#' Fit Cox regression models for multiple cause-of-death data
#'
#' \code{survMCOD} fits Cox regression models for the pure hazard of death due to a disease of interest based on multiple
#' cause-of-death data ("Multiple-cause analysis"), thus acknowledging that death may be caused by several disease processes acting
#' concurrently. The pure hazard is the rate of deaths caused exclusively by the disease of interest, and is thus a quantity that
#' is conceptually closer to the marginal "causal" hazard than the cause-specific hazard. The latter is the quantity modeled
#' when using competing risks Cox regression based on the so-called "underlying cause of death" and ignoring all other diseases
#' mentioned on the death certificate ("Single-cause analysis").
#'
#'
#' @export
#' @param formula A formula object with the response on the left of the ~ operator being an object as returned by the \code{SurvM} function
#' (see \strong{Examples} section below). The terms on the right are the regressors to include in the the model for the pure hazard of the
#' disease of interest.
#' @param formOther A formula object with empty response, i.e. nothing on the left of the ~ operator (if a response is given it is ignored).
#' The terms on the right are the regressors to include in the the model for the pure hazard of other diseases. If unspecified, this model will
#' include the same regressors as the model for the disease of interest as specified in \code{formula} above.
#' @param data A data.frame in which to interpret the variables named in \code{formula} and \code{formOther} above.
#' Specifically, the dataset must contain one row per individual and the following variables:
#' - The time-to-event (for type="right") or the entry and exit times (for type="counting")
#' - A status variable indicating whether the individual died (=1) or is censored (=0)
#' - A weight variable which is missing ("NA") if the individual is censored, and a proportion between 0 and 1 if the individual died.
#' The weight corresponds to the proportion of that death that is attributed to the disease of interest according to the chosen weight
#' attribution strategy (see \strong{Details} section below).
#' - All the regressors named in \code{formula} and \code{formOther}.
#' - The Underlying Cause Indicator, specified in \code{UC_indicator}, which is 1 if the individual died and the disease of interest was selected as
#' underlying cause of death and 0 otherwise (i.e. 0 if individual censored or if individual died but the disease of interest
#' was not selected as underlying cause of death).
#' @param UC_indicator Name of the Underlying Cause Indicator variable in the dataset.
#' @param Iter Number of iterations for iteration procedure.

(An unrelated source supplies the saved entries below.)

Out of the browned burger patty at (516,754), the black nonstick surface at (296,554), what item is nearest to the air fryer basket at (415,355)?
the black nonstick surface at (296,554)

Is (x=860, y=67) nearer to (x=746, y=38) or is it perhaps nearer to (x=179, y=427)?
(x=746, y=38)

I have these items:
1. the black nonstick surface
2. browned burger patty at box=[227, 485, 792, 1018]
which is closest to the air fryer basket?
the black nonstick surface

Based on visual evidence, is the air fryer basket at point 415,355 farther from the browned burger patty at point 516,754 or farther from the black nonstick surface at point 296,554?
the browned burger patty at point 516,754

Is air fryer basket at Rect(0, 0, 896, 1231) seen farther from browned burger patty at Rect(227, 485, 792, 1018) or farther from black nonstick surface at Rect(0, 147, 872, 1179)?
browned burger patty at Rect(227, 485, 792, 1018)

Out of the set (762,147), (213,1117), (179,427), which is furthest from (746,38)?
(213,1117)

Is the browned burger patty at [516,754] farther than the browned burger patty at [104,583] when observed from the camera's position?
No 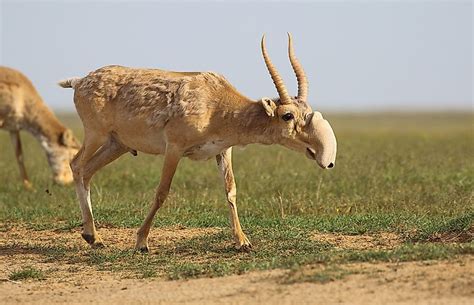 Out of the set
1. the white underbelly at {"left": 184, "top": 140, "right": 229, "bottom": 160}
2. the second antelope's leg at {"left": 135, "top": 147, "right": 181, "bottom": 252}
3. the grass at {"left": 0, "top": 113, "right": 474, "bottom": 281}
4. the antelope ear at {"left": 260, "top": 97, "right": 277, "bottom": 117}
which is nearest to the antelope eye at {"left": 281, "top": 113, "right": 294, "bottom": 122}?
the antelope ear at {"left": 260, "top": 97, "right": 277, "bottom": 117}

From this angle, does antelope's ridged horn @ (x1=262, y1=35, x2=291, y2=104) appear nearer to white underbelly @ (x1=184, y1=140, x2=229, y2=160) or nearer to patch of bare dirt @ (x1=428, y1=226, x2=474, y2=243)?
white underbelly @ (x1=184, y1=140, x2=229, y2=160)

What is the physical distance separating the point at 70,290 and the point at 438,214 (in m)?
5.27

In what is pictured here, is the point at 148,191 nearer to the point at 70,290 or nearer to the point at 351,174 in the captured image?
the point at 351,174

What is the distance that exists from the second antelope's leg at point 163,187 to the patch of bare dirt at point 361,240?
174 cm

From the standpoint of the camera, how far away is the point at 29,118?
734 inches

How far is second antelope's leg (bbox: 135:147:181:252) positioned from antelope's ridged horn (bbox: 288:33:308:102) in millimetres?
1464

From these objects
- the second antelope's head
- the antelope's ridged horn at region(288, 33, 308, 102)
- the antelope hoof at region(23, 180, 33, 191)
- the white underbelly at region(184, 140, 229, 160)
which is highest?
the antelope's ridged horn at region(288, 33, 308, 102)

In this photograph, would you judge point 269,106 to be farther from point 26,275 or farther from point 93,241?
point 26,275

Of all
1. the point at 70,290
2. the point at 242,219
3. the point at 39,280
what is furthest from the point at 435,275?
the point at 242,219

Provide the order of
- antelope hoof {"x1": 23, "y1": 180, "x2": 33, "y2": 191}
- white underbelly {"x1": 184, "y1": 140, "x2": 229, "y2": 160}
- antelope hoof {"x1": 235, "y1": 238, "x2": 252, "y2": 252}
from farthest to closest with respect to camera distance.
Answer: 1. antelope hoof {"x1": 23, "y1": 180, "x2": 33, "y2": 191}
2. white underbelly {"x1": 184, "y1": 140, "x2": 229, "y2": 160}
3. antelope hoof {"x1": 235, "y1": 238, "x2": 252, "y2": 252}

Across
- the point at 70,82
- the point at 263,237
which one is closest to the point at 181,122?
the point at 263,237

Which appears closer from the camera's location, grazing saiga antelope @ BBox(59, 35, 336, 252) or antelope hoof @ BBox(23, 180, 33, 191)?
grazing saiga antelope @ BBox(59, 35, 336, 252)

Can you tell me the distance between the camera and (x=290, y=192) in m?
13.5

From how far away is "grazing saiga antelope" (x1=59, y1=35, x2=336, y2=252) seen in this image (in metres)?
9.36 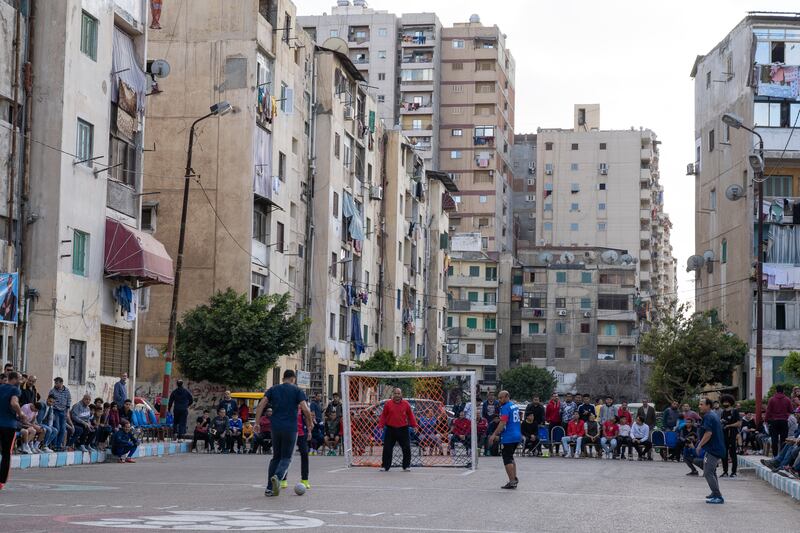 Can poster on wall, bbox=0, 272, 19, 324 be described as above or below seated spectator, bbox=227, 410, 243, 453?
above

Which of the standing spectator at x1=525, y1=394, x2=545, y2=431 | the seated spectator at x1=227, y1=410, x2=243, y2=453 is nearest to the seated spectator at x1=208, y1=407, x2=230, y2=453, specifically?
the seated spectator at x1=227, y1=410, x2=243, y2=453

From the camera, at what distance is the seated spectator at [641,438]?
38.2 metres

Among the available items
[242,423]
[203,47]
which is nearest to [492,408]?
[242,423]

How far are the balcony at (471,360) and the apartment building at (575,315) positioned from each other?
2646 millimetres

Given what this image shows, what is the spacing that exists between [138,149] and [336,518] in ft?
89.4

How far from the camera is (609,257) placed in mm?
116000

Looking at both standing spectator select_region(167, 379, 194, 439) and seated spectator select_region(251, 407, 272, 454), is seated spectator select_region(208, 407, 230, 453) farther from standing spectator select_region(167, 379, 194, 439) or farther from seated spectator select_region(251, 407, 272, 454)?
standing spectator select_region(167, 379, 194, 439)

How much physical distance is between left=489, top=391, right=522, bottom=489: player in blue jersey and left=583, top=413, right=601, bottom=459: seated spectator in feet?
54.3

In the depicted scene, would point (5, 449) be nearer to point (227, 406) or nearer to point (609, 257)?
point (227, 406)

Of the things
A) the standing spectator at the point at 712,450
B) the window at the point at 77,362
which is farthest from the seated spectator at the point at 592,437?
the standing spectator at the point at 712,450

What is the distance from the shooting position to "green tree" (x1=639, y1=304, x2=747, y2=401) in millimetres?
62188

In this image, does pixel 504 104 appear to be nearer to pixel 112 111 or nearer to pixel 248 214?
pixel 248 214

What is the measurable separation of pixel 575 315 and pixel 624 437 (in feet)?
248

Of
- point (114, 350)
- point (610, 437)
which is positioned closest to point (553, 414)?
point (610, 437) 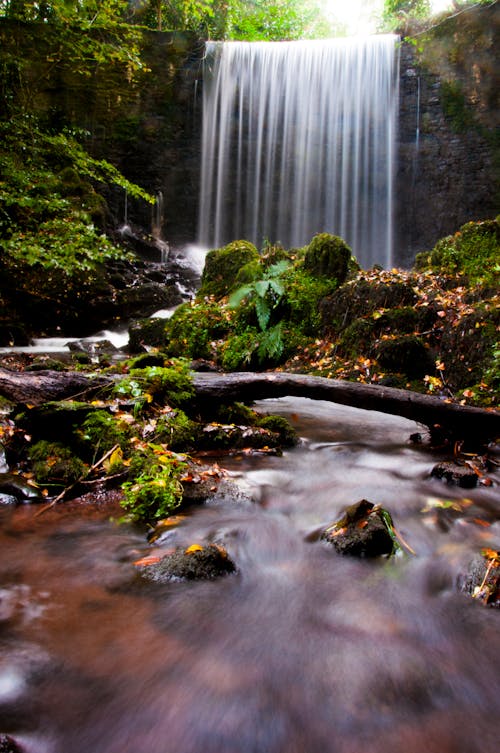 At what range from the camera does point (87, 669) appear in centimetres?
162

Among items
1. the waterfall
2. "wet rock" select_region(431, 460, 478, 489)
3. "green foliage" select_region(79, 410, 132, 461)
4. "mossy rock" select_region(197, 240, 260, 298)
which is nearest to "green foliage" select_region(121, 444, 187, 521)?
"green foliage" select_region(79, 410, 132, 461)

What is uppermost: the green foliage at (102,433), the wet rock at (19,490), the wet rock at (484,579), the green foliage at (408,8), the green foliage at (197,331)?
the green foliage at (408,8)

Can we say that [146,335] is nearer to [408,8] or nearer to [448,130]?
[448,130]

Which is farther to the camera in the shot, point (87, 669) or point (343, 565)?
point (343, 565)

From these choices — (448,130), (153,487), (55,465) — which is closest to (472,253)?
(153,487)

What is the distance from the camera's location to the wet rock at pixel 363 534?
246 cm

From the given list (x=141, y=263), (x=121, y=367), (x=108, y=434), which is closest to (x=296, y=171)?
(x=141, y=263)

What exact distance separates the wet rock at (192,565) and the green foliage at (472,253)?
18.9 feet

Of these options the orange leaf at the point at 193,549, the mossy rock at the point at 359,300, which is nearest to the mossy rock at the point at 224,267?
the mossy rock at the point at 359,300

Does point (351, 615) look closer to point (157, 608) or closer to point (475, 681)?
point (475, 681)

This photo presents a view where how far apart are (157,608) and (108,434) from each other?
162cm

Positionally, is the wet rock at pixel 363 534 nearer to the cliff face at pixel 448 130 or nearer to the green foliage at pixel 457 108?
the cliff face at pixel 448 130

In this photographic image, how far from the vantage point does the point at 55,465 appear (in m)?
3.09

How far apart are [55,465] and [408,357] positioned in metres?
4.56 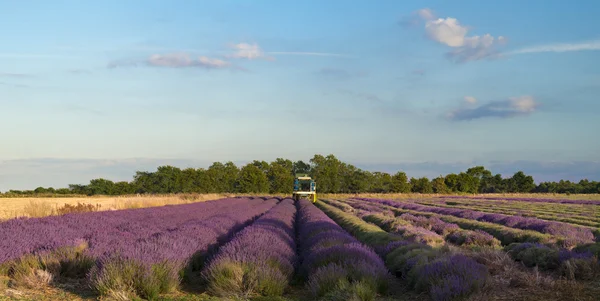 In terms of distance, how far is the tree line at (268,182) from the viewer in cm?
8050

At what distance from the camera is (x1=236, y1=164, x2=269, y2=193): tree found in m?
79.9

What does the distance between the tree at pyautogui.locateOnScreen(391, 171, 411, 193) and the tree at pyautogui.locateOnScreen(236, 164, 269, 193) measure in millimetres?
23794

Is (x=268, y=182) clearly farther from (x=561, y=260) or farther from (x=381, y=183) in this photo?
(x=561, y=260)

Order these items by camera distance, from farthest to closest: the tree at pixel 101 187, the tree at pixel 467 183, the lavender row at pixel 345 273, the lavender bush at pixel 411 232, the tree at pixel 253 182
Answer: the tree at pixel 467 183
the tree at pixel 101 187
the tree at pixel 253 182
the lavender bush at pixel 411 232
the lavender row at pixel 345 273

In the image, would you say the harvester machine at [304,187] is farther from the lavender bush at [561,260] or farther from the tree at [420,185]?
the tree at [420,185]

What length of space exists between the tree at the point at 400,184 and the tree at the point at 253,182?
23794 mm

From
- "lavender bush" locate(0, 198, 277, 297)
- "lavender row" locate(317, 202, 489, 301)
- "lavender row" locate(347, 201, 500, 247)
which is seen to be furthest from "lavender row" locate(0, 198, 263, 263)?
"lavender row" locate(347, 201, 500, 247)

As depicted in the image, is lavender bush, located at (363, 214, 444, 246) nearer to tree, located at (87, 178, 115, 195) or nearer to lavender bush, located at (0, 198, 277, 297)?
lavender bush, located at (0, 198, 277, 297)

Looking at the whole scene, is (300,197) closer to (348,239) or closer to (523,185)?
(348,239)

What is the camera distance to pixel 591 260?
8328 mm

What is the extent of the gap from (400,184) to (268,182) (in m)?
24.6

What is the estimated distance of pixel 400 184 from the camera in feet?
291

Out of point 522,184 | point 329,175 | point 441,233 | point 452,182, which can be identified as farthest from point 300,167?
point 441,233

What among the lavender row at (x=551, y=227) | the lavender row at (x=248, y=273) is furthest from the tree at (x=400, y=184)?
the lavender row at (x=248, y=273) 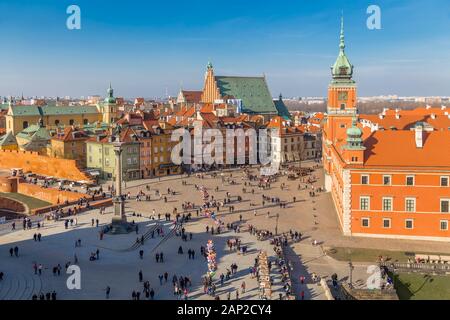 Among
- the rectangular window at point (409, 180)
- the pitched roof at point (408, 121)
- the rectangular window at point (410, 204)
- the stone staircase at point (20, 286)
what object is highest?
the pitched roof at point (408, 121)

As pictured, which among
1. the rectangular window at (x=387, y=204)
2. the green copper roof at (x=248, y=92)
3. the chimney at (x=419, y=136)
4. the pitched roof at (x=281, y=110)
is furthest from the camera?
the pitched roof at (x=281, y=110)

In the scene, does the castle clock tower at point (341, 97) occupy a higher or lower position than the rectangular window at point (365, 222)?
higher

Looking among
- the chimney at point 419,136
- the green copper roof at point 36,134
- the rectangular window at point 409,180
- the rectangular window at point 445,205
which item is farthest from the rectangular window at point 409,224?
the green copper roof at point 36,134

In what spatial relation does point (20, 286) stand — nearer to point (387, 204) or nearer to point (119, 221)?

Default is 4 which is generally enough to achieve convergence. See \strong{Value} below
#' for more details.
#' @details The \code{survMCOD} function can be used to fit Cox regression models
#' for the pure hazard of death due to a disease of interest based on multiple
#' cause-of-death data. In addition to results from the multiple-cause analysis,
#' the function also provides the results from the single-cause analysis (i.e. from a
#' competing risks Cox regression based on the so-called "underlying cause of death").
#'
#' The key preliminary step to using this function to perform the multiple-cause analysis
#' is to assign a weight to each death that represents the proportion of the death
#' attributed to the disease of interest. The user is referred to Moreno-Betancur et al. (2017),
#' Piffaretti et al. (2016) and Rey et al. (2017) for descriptions and discussions of various
#' weight-attribution strategies.
#'
#' The assumptions of the multiple-cause model and details of the estimation procedure are provided in
#' Moreno-Betancur et al. (2017). A key feature of the model is that regression coefficients
#' need to be estimated simultaneaously for a Cox model for the disease of interest and a
#' Cox model for other causes, and deaths with a weight between 0 and 1 will contribute to both.
#' This is why the user needs to specify regressors for each of these models using the two
#' arguments \code{formula} and \code{formOther}.
#'
#' Another aspect of the multiple-cause model is that a fully parametric model for the log ratio of the
#' baseline pure hazards needs to be posited. The current default is to parametrise this
#' a piecewise constant function with cut-offs at the 25th, 50th and 75th percentile of the
# failure time distribution of pure events (with weight=1). Future versions will provide
#' the user control over this.
#'
#' Convergence of the multiple-cause model fitting procedure should be checked
#' using \code{check.survMCOD}.
#'
#'@return This development version returns a list with three components. First, a list with the results of the multiple-cause analysis.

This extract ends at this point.